Write the lines below out exactly, dropping each picture.

### RECORDED DATA:
<<<<

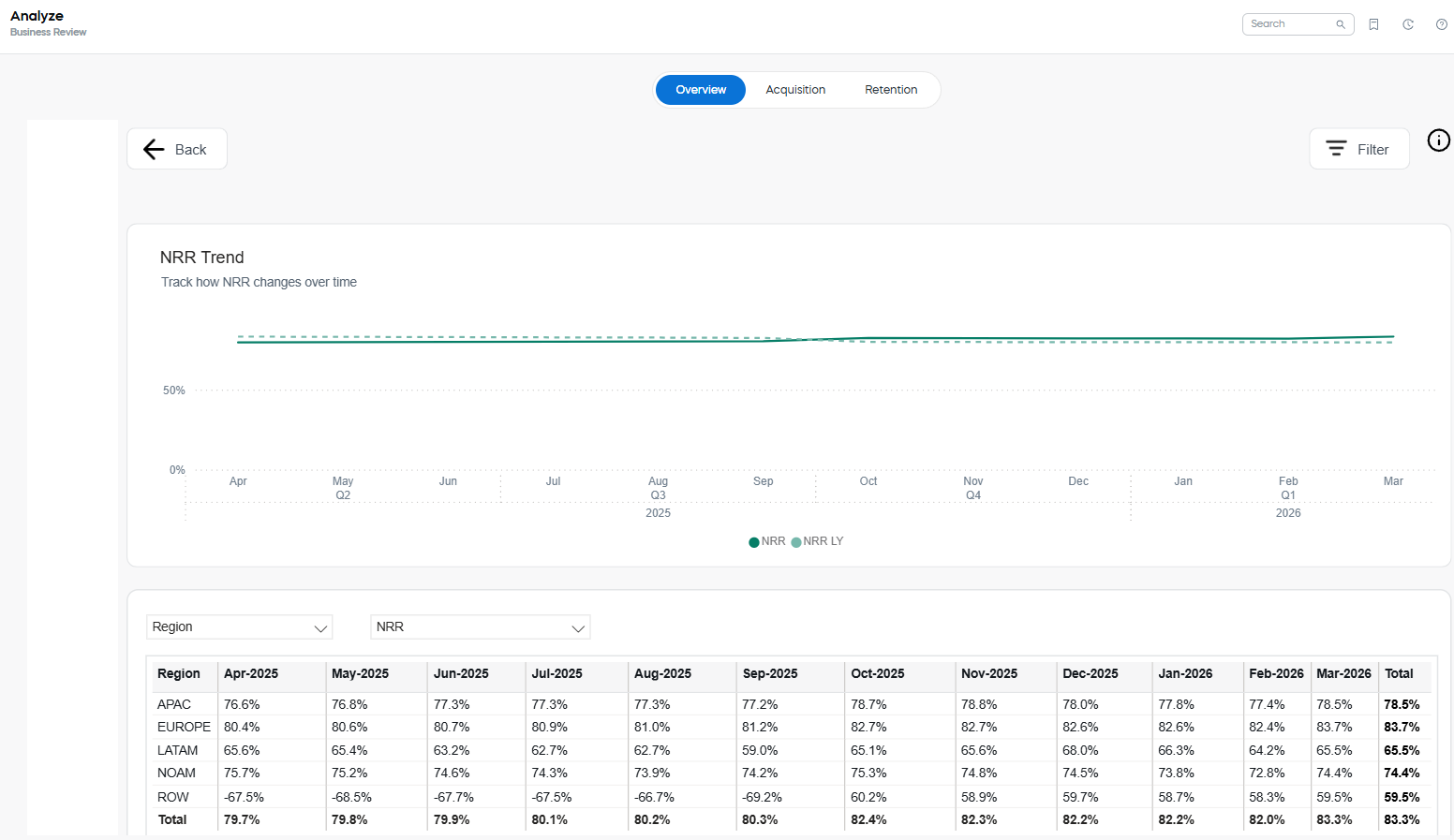 overview_expand_metric_NRR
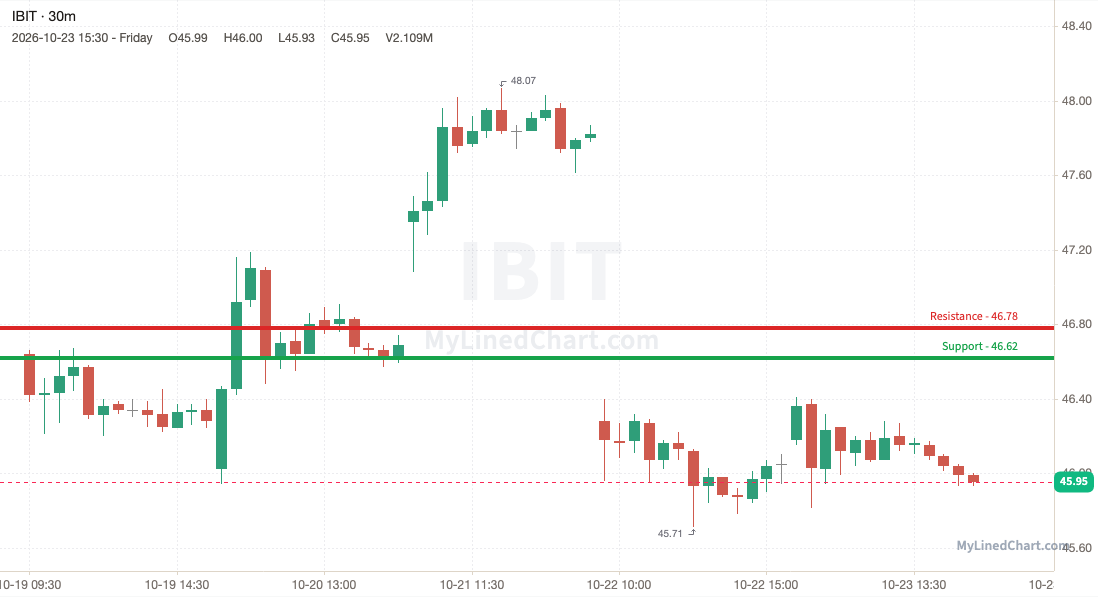 IBIT (iShares Bitcoin Trust) weekly chart, 30-minute bars with support and resistance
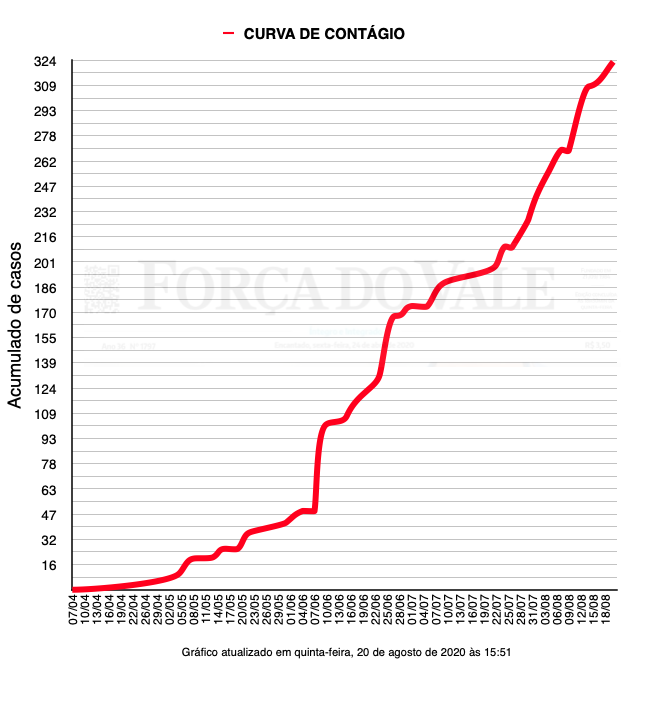 Evolução dos casos no município de Encantado. São 323 casos da Covid-19. Fonte: Secretaria Municipal da Saúde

>>>>

### EXERCISE ANSWER:
 overview_expand_metric_NRR
 IBIT (iShares Bitcoin Trust) weekly chart, 30-minute bars with support and resistance
 Evolução dos casos no município de Encantado. São 323 casos da Covid-19. Fonte: Secretaria Municipal da Saúde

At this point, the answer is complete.